The concerns for the local area and the implications for most of south Coventry have been made to the uni by CPCA, residents and councillors, but have been largely ignored. It is true that the uni has (as can be read elsewhere on this site) offered to pay for traffic calming measures in the Cannon Hill Road area.

That’s been given an enthusiastic welcome by residents and is a strong sign that the uni is at long last acknowledging it doesn’t exist in a bubble.

Traffic
But it should not blind us to the bigger picture. Slowing down traffic along one road while proposing to encourage 1,000+ more cars a day to join the jam is not a solution.

*Where are the ideas for major park and ride initiatives that could cut traffic coming in to the area (the uni manages to operate just such an initiative from Stoneleigh Park when it has an open day for intending students and families)?

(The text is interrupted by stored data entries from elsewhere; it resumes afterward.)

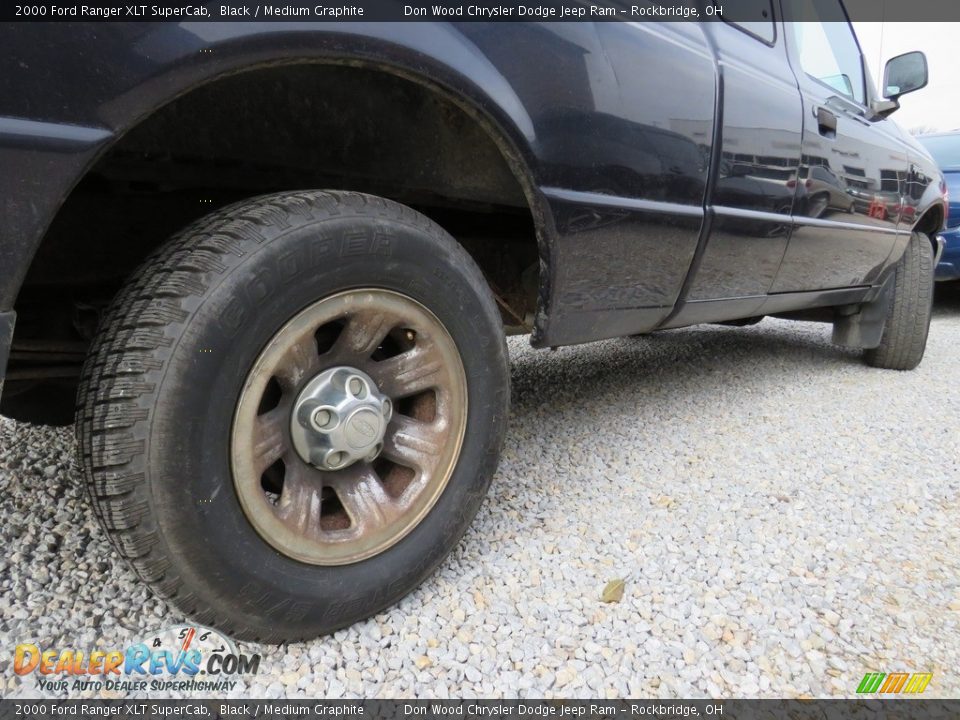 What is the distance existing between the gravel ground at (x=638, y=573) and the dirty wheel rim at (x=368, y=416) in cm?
22

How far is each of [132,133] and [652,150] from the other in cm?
124

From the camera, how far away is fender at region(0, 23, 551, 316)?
760 mm

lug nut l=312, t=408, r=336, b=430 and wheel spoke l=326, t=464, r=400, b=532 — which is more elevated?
lug nut l=312, t=408, r=336, b=430

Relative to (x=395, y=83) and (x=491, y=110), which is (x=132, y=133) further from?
(x=491, y=110)

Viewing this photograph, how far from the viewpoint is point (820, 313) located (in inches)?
140

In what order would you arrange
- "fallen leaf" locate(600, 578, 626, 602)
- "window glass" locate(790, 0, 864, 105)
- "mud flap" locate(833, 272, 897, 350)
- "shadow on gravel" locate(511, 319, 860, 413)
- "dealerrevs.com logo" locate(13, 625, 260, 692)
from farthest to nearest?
"mud flap" locate(833, 272, 897, 350), "shadow on gravel" locate(511, 319, 860, 413), "window glass" locate(790, 0, 864, 105), "fallen leaf" locate(600, 578, 626, 602), "dealerrevs.com logo" locate(13, 625, 260, 692)

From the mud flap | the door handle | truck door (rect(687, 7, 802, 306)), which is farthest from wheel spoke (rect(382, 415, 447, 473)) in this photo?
the mud flap

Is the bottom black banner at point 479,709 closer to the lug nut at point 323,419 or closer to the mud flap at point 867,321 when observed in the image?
the lug nut at point 323,419

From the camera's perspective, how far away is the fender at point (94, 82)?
760mm

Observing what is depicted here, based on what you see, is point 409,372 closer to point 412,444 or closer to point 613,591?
point 412,444

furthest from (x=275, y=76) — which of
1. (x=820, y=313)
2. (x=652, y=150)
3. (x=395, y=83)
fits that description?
(x=820, y=313)

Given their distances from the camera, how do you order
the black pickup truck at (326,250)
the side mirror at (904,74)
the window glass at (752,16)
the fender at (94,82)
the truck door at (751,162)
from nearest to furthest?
the fender at (94,82), the black pickup truck at (326,250), the truck door at (751,162), the window glass at (752,16), the side mirror at (904,74)

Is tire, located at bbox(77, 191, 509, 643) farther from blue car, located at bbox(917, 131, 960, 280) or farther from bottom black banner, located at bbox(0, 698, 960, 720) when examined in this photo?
blue car, located at bbox(917, 131, 960, 280)

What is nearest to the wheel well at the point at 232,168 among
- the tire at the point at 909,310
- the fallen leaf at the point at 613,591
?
the fallen leaf at the point at 613,591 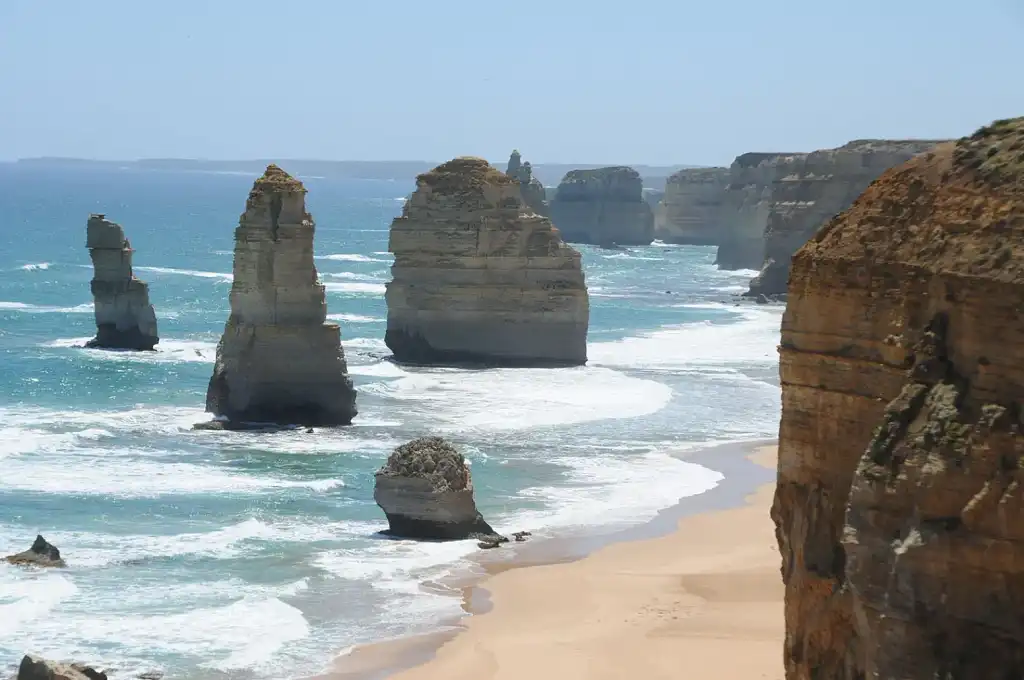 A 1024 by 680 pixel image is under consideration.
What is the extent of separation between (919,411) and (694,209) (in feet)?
419

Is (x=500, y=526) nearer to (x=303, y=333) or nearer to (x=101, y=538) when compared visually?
(x=101, y=538)

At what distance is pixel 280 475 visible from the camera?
31.7 meters

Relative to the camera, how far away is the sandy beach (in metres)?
19.2

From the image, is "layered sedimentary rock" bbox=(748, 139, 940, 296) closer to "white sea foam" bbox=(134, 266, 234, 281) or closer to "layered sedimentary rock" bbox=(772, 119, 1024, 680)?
"white sea foam" bbox=(134, 266, 234, 281)

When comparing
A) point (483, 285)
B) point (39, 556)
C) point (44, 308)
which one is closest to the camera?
point (39, 556)

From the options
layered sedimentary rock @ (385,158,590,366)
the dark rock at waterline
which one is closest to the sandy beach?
the dark rock at waterline

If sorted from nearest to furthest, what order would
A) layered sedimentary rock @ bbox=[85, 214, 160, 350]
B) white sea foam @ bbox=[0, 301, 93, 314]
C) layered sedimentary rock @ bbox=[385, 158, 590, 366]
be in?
layered sedimentary rock @ bbox=[385, 158, 590, 366] < layered sedimentary rock @ bbox=[85, 214, 160, 350] < white sea foam @ bbox=[0, 301, 93, 314]

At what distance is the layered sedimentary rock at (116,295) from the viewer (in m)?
50.0

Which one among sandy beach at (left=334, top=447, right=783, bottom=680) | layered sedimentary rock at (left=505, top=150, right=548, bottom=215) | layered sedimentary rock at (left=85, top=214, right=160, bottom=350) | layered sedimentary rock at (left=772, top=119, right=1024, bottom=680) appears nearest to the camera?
layered sedimentary rock at (left=772, top=119, right=1024, bottom=680)

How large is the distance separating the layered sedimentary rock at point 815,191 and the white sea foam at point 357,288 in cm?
1797

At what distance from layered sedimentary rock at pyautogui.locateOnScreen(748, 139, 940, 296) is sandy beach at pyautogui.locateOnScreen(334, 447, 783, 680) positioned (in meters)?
53.2

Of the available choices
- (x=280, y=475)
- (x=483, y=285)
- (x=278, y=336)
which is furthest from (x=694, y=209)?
(x=280, y=475)

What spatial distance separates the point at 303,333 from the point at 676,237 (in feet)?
338

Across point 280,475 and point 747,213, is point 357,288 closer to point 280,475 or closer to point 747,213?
point 747,213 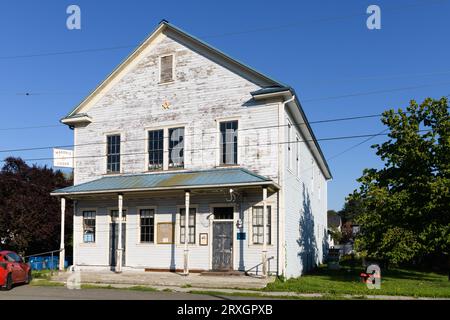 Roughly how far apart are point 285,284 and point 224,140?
7061mm

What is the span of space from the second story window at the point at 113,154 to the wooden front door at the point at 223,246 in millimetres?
6374

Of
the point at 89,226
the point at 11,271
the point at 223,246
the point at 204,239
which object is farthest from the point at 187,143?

*What progress is there on the much talked about relief road coming off the A46 to access the uni south of Gibbet Hill ?

*Why is there no plan for exploiting transport links offered by the newly-opened Kenilworth rail station, as proposed by the Green Party. And why is little more than lip-service paid to developing credible cycle routes.

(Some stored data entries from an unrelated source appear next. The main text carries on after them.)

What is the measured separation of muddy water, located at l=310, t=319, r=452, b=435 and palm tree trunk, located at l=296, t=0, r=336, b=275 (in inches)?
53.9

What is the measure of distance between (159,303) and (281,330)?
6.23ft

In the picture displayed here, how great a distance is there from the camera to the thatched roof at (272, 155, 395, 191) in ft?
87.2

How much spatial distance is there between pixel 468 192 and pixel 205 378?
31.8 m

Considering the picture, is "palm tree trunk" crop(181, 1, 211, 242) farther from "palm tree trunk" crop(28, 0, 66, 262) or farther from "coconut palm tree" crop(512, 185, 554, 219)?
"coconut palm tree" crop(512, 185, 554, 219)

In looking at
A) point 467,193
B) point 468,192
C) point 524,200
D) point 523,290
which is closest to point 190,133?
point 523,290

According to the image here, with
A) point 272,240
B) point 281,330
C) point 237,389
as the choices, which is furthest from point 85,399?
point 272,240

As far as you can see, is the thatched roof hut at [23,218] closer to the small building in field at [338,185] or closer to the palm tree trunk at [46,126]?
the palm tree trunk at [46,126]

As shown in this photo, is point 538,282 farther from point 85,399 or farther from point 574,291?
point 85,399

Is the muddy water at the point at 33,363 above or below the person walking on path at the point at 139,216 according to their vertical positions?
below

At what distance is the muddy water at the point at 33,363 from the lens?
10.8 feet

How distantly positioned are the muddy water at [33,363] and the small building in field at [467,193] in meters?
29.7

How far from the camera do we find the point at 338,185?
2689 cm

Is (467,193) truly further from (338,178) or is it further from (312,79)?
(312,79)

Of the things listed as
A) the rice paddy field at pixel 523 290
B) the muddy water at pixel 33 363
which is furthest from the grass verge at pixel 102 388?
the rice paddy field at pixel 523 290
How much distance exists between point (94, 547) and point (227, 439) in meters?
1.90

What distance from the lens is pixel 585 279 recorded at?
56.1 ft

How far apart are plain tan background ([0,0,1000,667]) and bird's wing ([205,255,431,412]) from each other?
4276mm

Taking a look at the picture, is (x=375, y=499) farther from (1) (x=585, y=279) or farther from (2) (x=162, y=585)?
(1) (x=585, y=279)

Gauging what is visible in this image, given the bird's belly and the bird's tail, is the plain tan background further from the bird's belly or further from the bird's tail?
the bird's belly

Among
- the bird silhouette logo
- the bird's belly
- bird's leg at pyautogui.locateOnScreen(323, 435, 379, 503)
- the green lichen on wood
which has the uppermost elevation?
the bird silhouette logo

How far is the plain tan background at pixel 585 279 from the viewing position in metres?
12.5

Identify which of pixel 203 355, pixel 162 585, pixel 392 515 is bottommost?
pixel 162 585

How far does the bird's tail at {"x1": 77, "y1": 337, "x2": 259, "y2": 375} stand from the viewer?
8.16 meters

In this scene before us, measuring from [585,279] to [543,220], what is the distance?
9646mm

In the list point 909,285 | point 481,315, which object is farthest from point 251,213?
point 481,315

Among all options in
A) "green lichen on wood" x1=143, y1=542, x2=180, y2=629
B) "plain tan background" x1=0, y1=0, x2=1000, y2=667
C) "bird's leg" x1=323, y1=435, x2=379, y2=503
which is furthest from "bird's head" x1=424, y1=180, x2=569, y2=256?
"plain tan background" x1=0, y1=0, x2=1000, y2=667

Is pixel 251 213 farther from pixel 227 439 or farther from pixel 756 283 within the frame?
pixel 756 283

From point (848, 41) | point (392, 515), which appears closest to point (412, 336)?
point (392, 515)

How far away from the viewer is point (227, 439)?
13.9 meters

*And most crucially, why has the uni’s car-share initiative failed so dismally when other universities have achieved outstanding results? The uni’s own traffic experts have confirmed that all major road junctions in the locality are at, or over, capacity. Saturated to the point of mass congestion at times.

READ ON
This is not news to local residents who struggle to get to and from their homes especially at peak times.

Some 67 percent of Warwick University’s current traffic are single occupancy cars and has been so for the past ten years. This is a luxury for staff but is a burden for residents.

Other leading universities around the country, starting from the same figure, have reduced their single occupancy staff cars to 30 and 35 percent using effective staff car-share schemes. Warwick University has been asked how many of its 6300 staff (nearly half of whom live outside Coventry, particularly in the Warwick/Leamington area) car-share, but have declined to reply. It appears most staff regularly decline to participate.

If Warwick did manage car-sharing as effectively as other universities it would need 2000 fewer car parking spaces now and not 1030 more. This could mean a difference of 6000 fewer car journeys on our local roads each weekday. Imagine the difference that would make not just to residents of surrounding roads but to major feeder roads like the A45, A46, Kenilworth and Stoneleigh Roads.

Sadly, the Council’s track record where the university is concerned suggests it will give it the green light to increase the traffic burden and approve the plans. But maybe not if enough people object. Resident-power achieved a small victory in getting agreement for traffic calming in Cannon Hill Road. Now we need to shout even louder to get the council to show the red light.

*You could also show the strength of opposition by attending the planning meeting, which is being held at the Council House, at 2pm on November 15. Members of the Cannon Park Community Association will meet on the steps of the main entrance in Earl Street at 1.30pm. Please join them.